In this embodiment, the doffing car 31 and the controller 27 in the winder are connected by optical communication and information is transmitted and received therebetween continually through light emitter-detectors 32 and 33 mounted on the car side and the winder side, respectively. Various informations can be transmitted and received; for example, information on the number of times of doffing of the doffing car or the present location of the car is transmitted from the doffing car 31 to the controller 27, while from the controller 27 to the car 31 there are transmitted commands on right or left travelling, start and stop of the car, winding re-start or stop command signal after the doffing operation, etc.
The lot changing operation in the above winder will be explained below. In the following explanation, one lot is defined by the length of yarn, which length is assumed to be L meters, utilizing a full-loaded signal provided from a constant length mechanism mounted in each winding unit. By way of explanation, it is here assumed that the number of winding units in one winder is 10.

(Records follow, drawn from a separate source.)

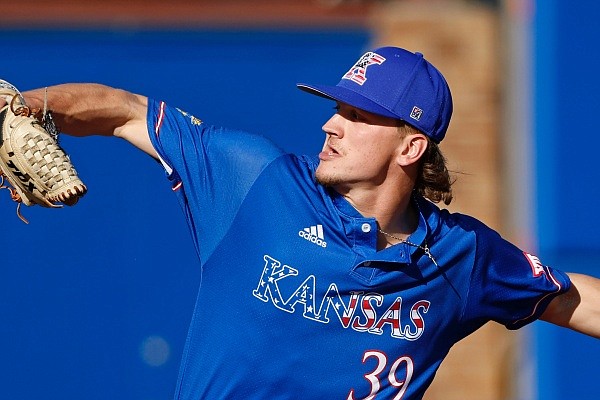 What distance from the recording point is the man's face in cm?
401

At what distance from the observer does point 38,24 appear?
7.78 m

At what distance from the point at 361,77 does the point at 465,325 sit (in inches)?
36.3

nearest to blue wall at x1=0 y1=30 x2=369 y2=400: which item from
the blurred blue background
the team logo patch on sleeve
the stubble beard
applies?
the blurred blue background

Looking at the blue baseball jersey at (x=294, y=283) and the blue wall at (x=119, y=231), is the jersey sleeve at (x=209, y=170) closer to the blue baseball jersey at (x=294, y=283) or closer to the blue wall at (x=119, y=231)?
the blue baseball jersey at (x=294, y=283)

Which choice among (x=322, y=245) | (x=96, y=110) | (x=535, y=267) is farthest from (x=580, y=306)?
(x=96, y=110)

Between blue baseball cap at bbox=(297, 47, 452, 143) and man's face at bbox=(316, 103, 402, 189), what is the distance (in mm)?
64

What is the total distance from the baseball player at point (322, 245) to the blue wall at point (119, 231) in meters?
3.55

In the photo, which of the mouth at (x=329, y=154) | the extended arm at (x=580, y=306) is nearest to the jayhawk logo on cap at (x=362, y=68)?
the mouth at (x=329, y=154)

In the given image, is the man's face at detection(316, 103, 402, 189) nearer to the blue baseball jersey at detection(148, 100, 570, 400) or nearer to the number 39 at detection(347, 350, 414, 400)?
the blue baseball jersey at detection(148, 100, 570, 400)

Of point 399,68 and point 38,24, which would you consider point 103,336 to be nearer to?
point 38,24

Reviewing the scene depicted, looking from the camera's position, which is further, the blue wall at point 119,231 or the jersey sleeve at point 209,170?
the blue wall at point 119,231

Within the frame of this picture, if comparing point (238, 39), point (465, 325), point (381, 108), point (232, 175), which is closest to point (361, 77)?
point (381, 108)

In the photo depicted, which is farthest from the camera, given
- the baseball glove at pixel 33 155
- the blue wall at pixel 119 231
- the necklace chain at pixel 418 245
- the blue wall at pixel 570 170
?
the blue wall at pixel 119 231

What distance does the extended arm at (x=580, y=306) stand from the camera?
4352 mm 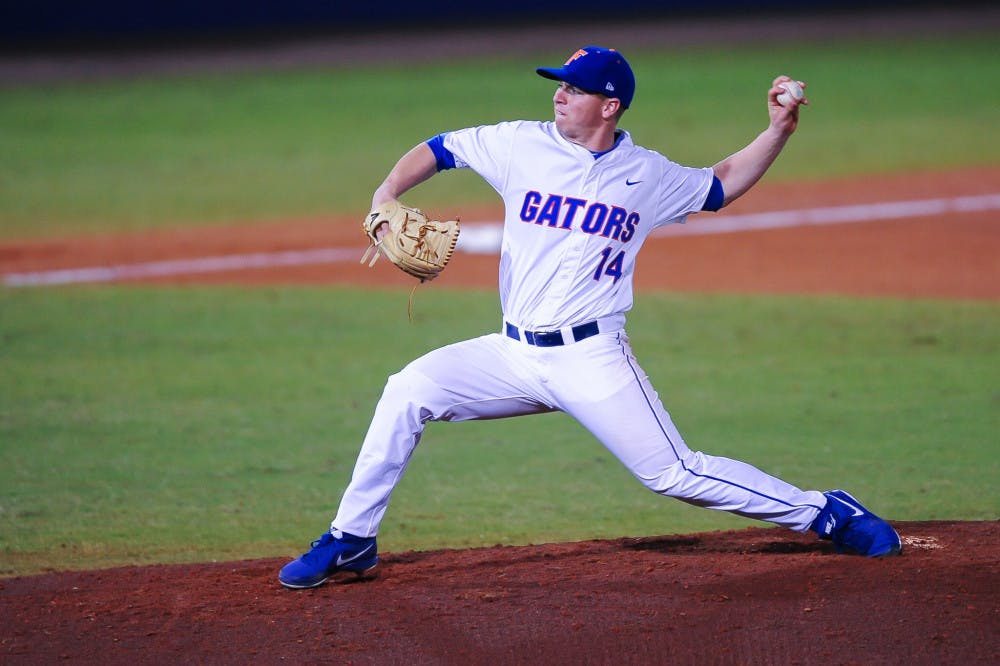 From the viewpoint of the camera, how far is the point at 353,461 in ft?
20.7

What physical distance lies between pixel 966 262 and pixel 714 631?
6945 mm

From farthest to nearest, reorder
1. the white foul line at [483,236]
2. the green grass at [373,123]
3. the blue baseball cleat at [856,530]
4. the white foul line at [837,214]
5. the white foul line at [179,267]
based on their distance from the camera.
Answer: the green grass at [373,123] < the white foul line at [837,214] < the white foul line at [483,236] < the white foul line at [179,267] < the blue baseball cleat at [856,530]

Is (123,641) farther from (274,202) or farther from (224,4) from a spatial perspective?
(224,4)

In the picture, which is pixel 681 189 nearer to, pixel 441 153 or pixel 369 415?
pixel 441 153

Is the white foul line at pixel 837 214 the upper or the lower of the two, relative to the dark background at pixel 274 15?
lower

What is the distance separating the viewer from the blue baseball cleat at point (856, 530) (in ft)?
15.1

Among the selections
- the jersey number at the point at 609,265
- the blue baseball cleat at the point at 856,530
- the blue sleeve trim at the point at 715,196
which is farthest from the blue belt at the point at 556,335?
the blue baseball cleat at the point at 856,530

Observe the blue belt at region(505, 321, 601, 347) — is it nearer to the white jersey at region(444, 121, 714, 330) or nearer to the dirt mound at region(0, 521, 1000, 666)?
the white jersey at region(444, 121, 714, 330)

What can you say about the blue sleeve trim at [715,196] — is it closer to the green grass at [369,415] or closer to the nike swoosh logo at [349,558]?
the green grass at [369,415]

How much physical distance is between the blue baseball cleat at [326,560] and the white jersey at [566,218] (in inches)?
37.4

In FIG. 4, the time mi required for obtaining one full-loaded package in each unit differs depending on the number of times of yarn breakage, troubles, etc., and the time ni required after issuance of full-loaded signals Sl-Si from winding units until completion of the doffing operation after arrival of the travelling doffing car at the position of each winding unit concerned also differs depending on various factors. Consequently, such a random doffing or production of full-loaded packages as shown in the figure is performed.
Assuming that the length (l) of yarn to be further taken up is 9X<l<10X (X being the yarn length of one full-loaded package) at time tl, a lot changing control is started from the said time tl, and with respect to the winding unit U2 which generated a full-loaded signal Sj at the time tl, the winding operation is completed and the re-start of the next new winding operation is prevented. In other words, the doffing car merely removes the full-loaded package on the winding unit from the same unit, and the operation for the next winding such as winding the new feed-side yarn end round a take-up tube is prevented.

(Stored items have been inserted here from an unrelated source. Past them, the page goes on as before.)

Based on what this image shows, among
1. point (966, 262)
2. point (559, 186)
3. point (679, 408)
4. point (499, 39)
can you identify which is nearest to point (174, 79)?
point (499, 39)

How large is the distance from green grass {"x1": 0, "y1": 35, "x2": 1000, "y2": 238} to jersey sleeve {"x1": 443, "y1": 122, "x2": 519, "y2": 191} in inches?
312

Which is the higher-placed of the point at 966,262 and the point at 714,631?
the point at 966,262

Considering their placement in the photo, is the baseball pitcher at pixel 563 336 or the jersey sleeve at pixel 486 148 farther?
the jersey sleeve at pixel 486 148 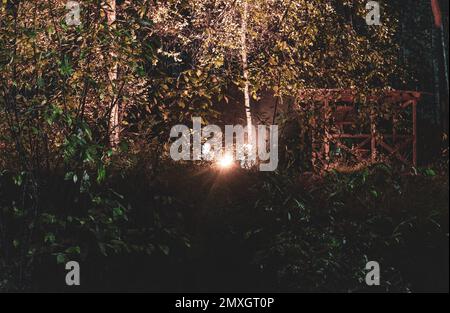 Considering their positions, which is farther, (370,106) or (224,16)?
(224,16)

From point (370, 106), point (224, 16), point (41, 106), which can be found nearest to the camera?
point (41, 106)

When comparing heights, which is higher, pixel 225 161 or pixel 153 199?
pixel 225 161

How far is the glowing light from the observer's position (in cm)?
861

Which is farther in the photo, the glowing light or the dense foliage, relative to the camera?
the glowing light

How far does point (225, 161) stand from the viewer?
957 centimetres

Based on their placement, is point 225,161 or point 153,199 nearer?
point 153,199

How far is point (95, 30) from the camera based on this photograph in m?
6.28

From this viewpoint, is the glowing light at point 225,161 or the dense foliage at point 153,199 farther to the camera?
the glowing light at point 225,161

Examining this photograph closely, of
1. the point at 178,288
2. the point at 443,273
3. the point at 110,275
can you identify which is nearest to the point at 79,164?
the point at 110,275

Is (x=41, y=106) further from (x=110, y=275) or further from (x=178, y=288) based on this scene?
(x=178, y=288)

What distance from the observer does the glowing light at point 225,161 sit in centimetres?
861

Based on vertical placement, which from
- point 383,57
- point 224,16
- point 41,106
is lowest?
point 41,106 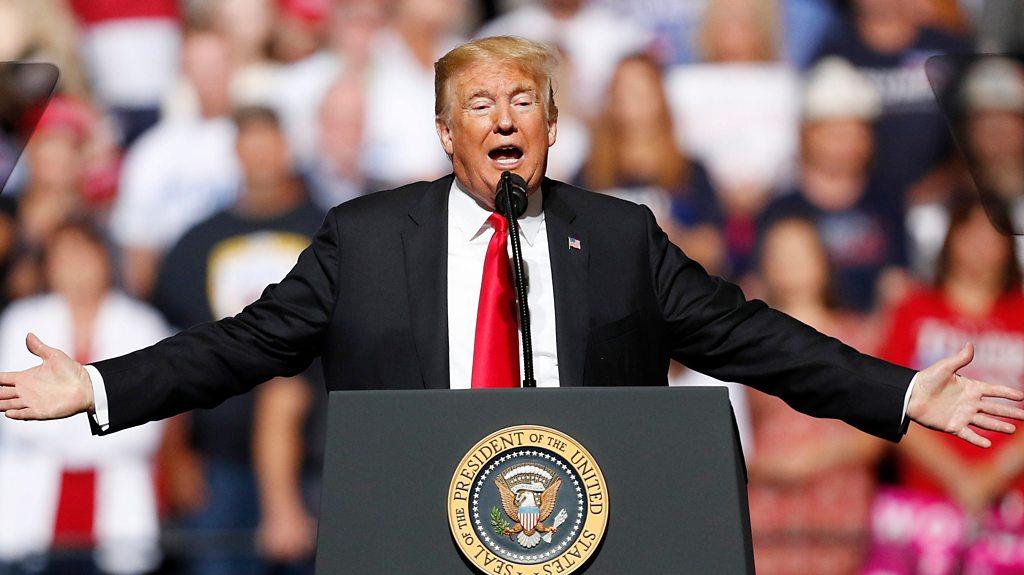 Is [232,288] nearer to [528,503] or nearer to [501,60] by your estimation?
[501,60]

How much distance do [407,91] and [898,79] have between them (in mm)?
1625

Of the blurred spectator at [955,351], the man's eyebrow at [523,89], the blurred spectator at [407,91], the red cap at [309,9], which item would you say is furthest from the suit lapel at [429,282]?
the blurred spectator at [955,351]

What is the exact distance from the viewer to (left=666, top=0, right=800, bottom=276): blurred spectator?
4699 mm

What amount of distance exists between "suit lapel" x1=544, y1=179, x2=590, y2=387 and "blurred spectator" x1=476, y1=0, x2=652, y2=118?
2462mm

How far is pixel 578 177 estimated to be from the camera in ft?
15.3

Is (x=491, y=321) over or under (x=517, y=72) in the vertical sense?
under

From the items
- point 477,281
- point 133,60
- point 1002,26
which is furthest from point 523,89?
point 1002,26

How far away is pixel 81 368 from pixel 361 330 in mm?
Result: 413

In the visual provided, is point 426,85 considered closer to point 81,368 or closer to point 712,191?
point 712,191

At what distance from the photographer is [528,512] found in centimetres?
173

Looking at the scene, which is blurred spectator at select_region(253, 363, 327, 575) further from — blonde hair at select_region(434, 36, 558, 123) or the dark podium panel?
the dark podium panel

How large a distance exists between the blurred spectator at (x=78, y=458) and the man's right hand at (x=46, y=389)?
8.14 ft

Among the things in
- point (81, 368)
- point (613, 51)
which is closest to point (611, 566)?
point (81, 368)

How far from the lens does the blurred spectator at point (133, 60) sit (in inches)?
183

In the other winding units than the unit U2 the winding operation is continued. If a winding unit U10 next becomes full-loaded as indicated at Sk, the re-start of winding is prevented also in that unit. In this way the winding operation is stopped in the order of units U3→U9→U7→U6→Ul→U8→U4. At this time, it is only the unit U5 that is in operation; that is, the yarn of a quantity corresponding to one lot is taken up halfway in the winding operation of that winding unit, so it is very likely that the operation of the unit U5 will be stopped without issuing of a full-loaded signal, leaving a half-loaded package 34.

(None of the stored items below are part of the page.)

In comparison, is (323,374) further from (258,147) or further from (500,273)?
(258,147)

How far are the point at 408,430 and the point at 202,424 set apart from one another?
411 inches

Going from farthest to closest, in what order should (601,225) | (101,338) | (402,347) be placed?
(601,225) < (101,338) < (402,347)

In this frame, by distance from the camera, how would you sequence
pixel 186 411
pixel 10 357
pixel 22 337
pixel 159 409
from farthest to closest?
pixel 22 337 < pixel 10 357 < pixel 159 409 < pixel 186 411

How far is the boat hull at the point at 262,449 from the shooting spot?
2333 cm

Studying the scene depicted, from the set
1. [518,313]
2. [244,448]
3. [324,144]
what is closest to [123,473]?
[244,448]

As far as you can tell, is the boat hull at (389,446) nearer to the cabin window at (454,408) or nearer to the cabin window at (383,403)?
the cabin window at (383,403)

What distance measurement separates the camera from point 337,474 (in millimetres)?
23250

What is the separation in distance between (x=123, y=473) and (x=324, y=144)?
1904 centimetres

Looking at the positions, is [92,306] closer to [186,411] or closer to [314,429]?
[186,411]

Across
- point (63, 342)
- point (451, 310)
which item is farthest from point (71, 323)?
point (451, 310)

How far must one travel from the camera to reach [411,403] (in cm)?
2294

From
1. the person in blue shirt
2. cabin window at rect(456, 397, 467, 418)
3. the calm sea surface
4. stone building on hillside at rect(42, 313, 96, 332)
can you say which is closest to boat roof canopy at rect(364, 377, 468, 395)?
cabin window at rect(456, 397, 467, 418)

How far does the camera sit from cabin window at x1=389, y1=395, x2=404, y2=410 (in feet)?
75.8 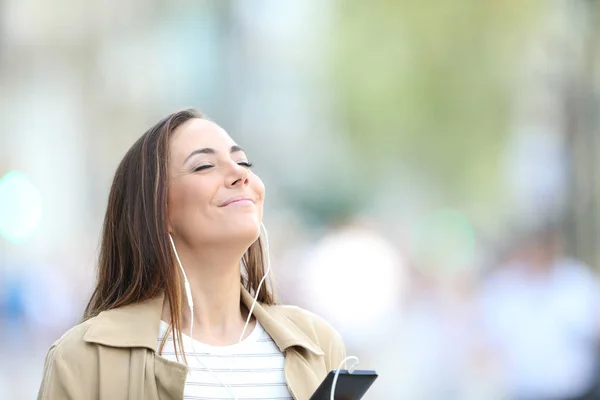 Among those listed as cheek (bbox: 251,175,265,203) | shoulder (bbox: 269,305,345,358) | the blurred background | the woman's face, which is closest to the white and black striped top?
shoulder (bbox: 269,305,345,358)

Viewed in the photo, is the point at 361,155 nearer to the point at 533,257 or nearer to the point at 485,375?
the point at 533,257

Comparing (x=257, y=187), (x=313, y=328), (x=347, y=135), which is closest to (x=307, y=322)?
(x=313, y=328)

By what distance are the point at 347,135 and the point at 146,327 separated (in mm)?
6392

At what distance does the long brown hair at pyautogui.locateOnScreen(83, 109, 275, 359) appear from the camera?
2229 mm

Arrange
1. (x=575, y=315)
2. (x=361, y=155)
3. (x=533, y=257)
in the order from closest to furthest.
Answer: (x=575, y=315) → (x=533, y=257) → (x=361, y=155)

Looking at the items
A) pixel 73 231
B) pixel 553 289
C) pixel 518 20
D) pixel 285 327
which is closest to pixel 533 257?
pixel 553 289

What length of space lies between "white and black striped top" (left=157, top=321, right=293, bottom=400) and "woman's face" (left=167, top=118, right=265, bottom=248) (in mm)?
252

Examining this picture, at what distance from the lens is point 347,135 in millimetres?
8391

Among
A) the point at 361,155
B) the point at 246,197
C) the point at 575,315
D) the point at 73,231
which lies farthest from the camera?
the point at 361,155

In each of the winding units whose winding operation has been discontinued by the lot changing control, the remaining spinning bobbin is delivered to another winding unit which is in operation, while the supply of a new spinning bobbin to the winding units which are not in operation is prevented. To this end there is provided a controller for the bobbins on the feed side. More specifically, control is made so that when the winding of yarn for one lot is over, one half-loaded package remains on the upper take-up side of one unit, while one bobbin with residual yarn remains on the lower feed side. Thus, at the time of changeover from one to another lot, neither a spinning bobbin on the feed side nor a package under winding is present in almost all the winding units of the winder; as a result, winding preparations for the new lot can be done in a short time.
The controller for the feed-side bobbins will now be explained with reference to FIGS. 5 to 8. FIGS. 5 and 6 show an example of an apparatus for preventing a spinning bobbin from being taken in the winding unit shown in FIG. 9. A spinning bobbin is taken in the winding unit automatically if there is vacancy in the passage 5 by means of the guide plates 6, 7 and 8 and by the travelling force of the belt 1, which are illustrated in FIG. 9. Therefore, when there is no need of a new bobbin, the inlet of the passage 5 is closed by projection of a stopper to let the bobbin pass the winding unit without stopping, allowing it to be taken in another winding unit. More specifically, in FIGS. 5 and 6, the bobbin passage 5 in a winding unit Ui is formed by the guide plates 7 and 8, and a spinning bobbin integral with the tray 3 is fed into the passage 5 through an inlet 41 from the conveyance path 1. In the bobbin rewinding position 10 the bobbin is located in a recess of a delivery lever 42 and in this state there is performed rewinding. Numeral 43 denotes a movable stopper for forming space between a bobbin tray 3a under winding operation and stand-by bobbin trays 3b, 3c to prevent ballooning contact. A part of the lever 43 which is biased with a spring 44 engages a part of the tray 3b to define the tray stand-by position. Numeral 45 denotes a stop pin for the lever 43. When the bobbin in the take-up position is discharged from the unit through a discharge path 46 with counterclockwise pivoting of the delivery lever 42, a roller 36 attached to the fore end of the lever 43 is pushed by the tray 3a, so that the tray 3b and the lever 43 become disengaged from each other, allowing the next bobbin to be transferred to the take-up position 10.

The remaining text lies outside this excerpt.